• _Problem_:
Your answer should hold only the lines from the start of the data below through the line with "New 2024 YAMAHA Grizzly 90", copied exactly, with pictures left out.

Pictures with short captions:

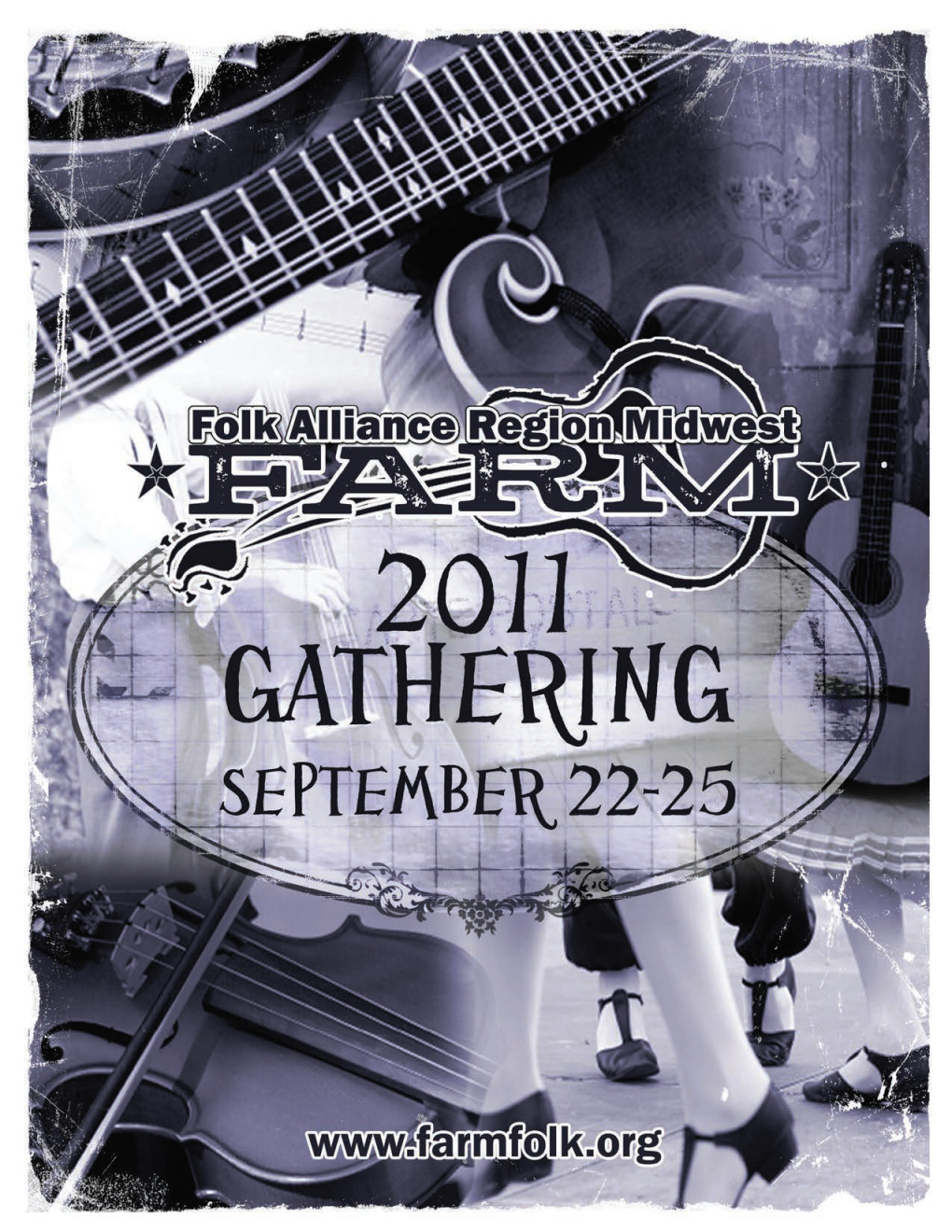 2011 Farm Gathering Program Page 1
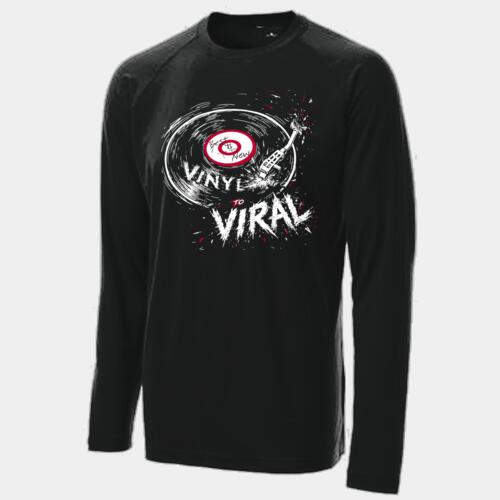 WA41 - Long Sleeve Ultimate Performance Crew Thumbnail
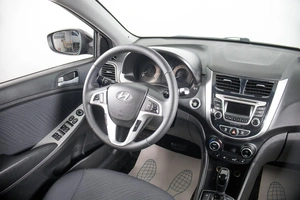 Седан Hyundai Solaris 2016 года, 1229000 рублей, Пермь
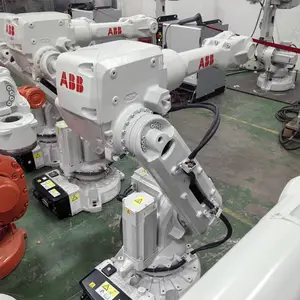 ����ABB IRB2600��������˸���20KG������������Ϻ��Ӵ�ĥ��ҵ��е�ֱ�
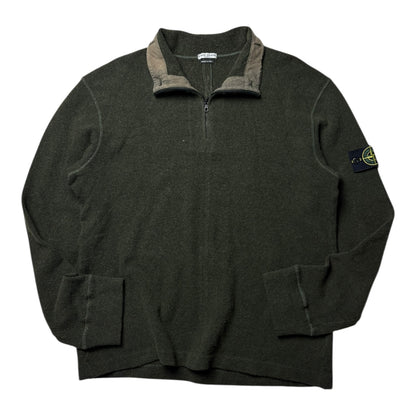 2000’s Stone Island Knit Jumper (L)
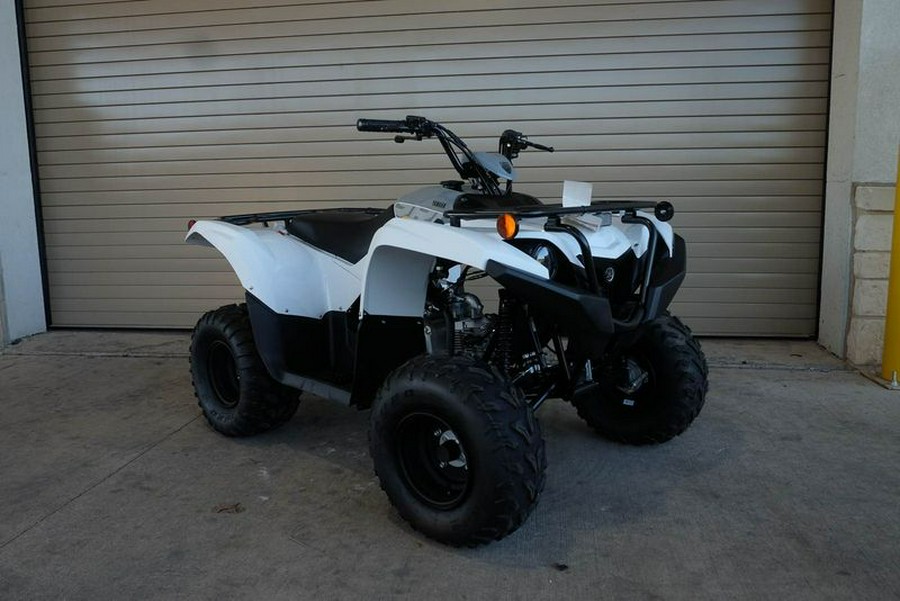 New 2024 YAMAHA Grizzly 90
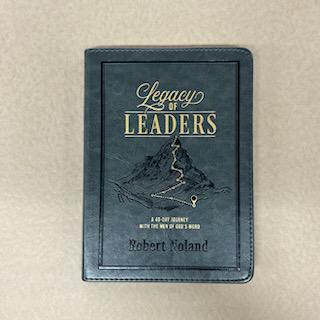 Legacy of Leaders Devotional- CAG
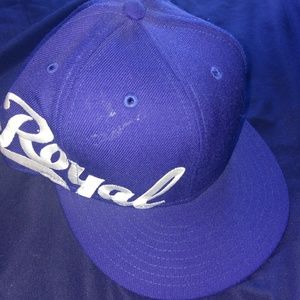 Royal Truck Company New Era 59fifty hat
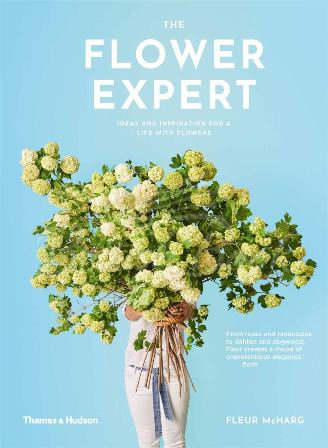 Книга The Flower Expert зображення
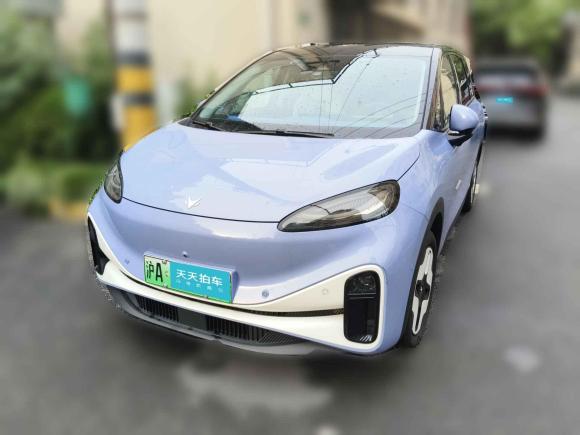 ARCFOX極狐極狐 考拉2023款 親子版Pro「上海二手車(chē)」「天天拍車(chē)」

• _Result of this task_:
 2011 Farm Gathering Program Page 1
 WA41 - Long Sleeve Ultimate Performance Crew Thumbnail
 Седан Hyundai Solaris 2016 года, 1229000 рублей, Пермь
 ����ABB IRB2600��������˸���20KG������������Ϻ��Ӵ�ĥ��ҵ��е�ֱ�
 2000’s Stone Island Knit Jumper (L)
 New 2024 YAMAHA Grizzly 90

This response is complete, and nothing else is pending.